Certains autres pourraient décider d’opter pour une stratégie différente, comme celle de joindre une bannière concurrente, comme ça été le cas de la famille Riopel de Sainte-Adèle, dont l’enviable réputation n’est plus à faire. La famille a décidé l’an dernier de délaisser Rona et de s’affilier à Home Hardware, un étendard qui leur permettait de se rapprocher davantage des besoins de leurs clients, et une marque qui au final, était plus près de leurs valeurs de proximité et de service.

Pour le reste… La compétition continuera vraisemblablement de gagner du terrain et de faire mal à l’entreprise américaine. À preuve, notons qu’au début de l’année, Lowe’s avait déjà dévalué son entreprise et radié des actifs de 1,6 milliard $ US, dont 1,2 milliard $ CA liés à la perte de valeur de sa branche canadienne, principalement à cause des piètres performances de Rona et Réno-Dépôt.
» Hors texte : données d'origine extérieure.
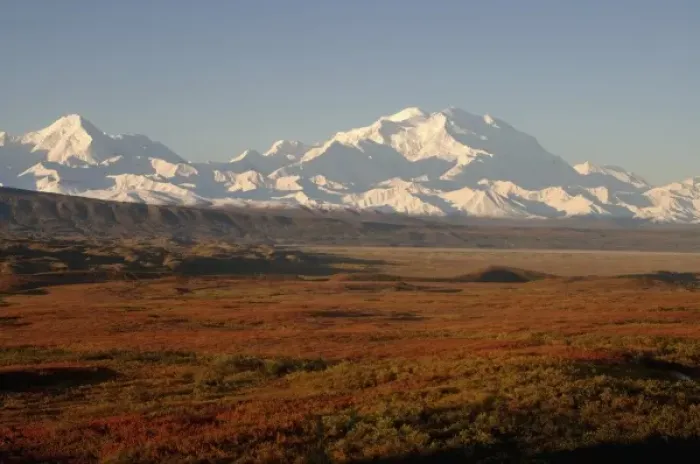 Framed Print : mount McKinley, or Mount Denali, in Denali National Park, interior of Alaska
Malheureusement, des sources bien placées m’ont informé que d’autres fermetures étaient à l’agenda, et que tout compte fait, la situation irait de mal en pis avant de possiblement se replacer. Je vous le donne en mille : il y aura du pain sur la planche avant de revenir à la base de la proposition de valeur de messieurs Rolland Dansereau et Napoléon Piotte.